I would predict they will lower this price when 3.5 High appears, but perhaps not all the way.

xbmcuser 9 hours ago [ - ]

What we need is a deepseek moment in hardware ie China reaching parity on node size that is the only way latest computers let alone latest ai will be available to us in the future otherwise the profit margins will push most production to AI.

throwa356262 9 hours ago [ - ]

To be honest, China not having access to the latest hardware is exactly what has driven LLM technology forward the last 2 years.

humanfromearth9 9 hours ago [ - ]

Why?

Weryj 9 hours ago [ - ]

Because it forced them to focus on efficiency, instead of throwing more compute at the problem.

Just like in software, some of the most beautiful solutions come from constraints. Think, the optimisations that game developers implemented because of the frame budget.

Viacol 4 hours ago [ - ]

On top of that, China is also facing hardware constraints, which is pushing companies to develop better domestic chips for AI training. It'll be interesting to see how things perform once Huawei's newer hardware is fully deployed at DeepSeek.

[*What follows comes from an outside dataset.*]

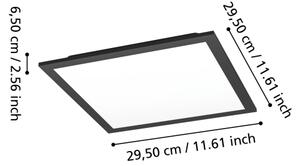 Eglo 901505-LED RGBW stmievateľné stropné svietidlo MORADILLO-Z LED/14W/230V 30x30cm čierne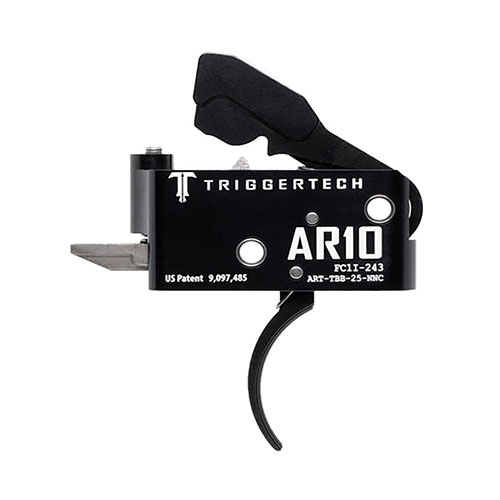 Il grilletto TRIGGERTECH AR10 offre una tecnologia Frictionless Release™, azione a due stadi e massima affidabilità anche nelle condizioni più estreme.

blackoil 2 hours ago [ - ]

Open Source ASML EUV. But will wipe off trillions from US stocks so 401k may not like that.

stared 7 hours ago [ - ]

We have a "DeepSeek moment", https://github.com/antirez/ds4 (see https://news.ycombinator.com/item?id=48142108).

Or if you prefer smaller ones, Qwen3.6-35B-A3B, https://huggingface.co/bartowski/Qwen_Qwen3.6-35B-A3B-GGUF

segmondy 10 hours ago [ - ]

You can use lots of open weight models today.

hei-lima 10 hours ago [ - ]

That's one solution to the problem. But it still needs some good computational capabilities. Either we optimize the hell out of those models, or we wait for the hardware to become good enough for them.

Gigachad 7 hours ago [ - ]

The real problem is the hardware to run them is still very expensive.

pianopatrick 9 hours ago [ - ]

Maybe we can figure out better ways to use the models that can run on cheap hardware.

GeorgeOldfield 10 hours ago [ - ]

gemini isn't even that good. just tested 3.5 on usual complex prompts to opus/chat 5.5. meh

k8sToGo 9 hours ago [ - ]

Are you really comparing flash to opus? Shouldn't you be comparing pro?

CognitiveLens 9 hours ago [ - ]

The benchmark tables in the Google announcement include Opus 4.7, and the numbers are very impressive. Caveat emptor, but it's not unreasonable to compare a new Flash to a current-gen Opus, even if some of the results confirm expectations

bachmeier 9 hours ago [ - ]

Who would have guessed that something costing roughly a third as much wouldn't do as well at certain tasks.

kmac_ 9 hours ago [ - ]

Well, the first impression is that Gemini still goes off the instruction rails easier than other models, but I noticed that it tends to go back to the initial goal without holding a hand, which is a real improvement. It's really interesting that these models behave so differently.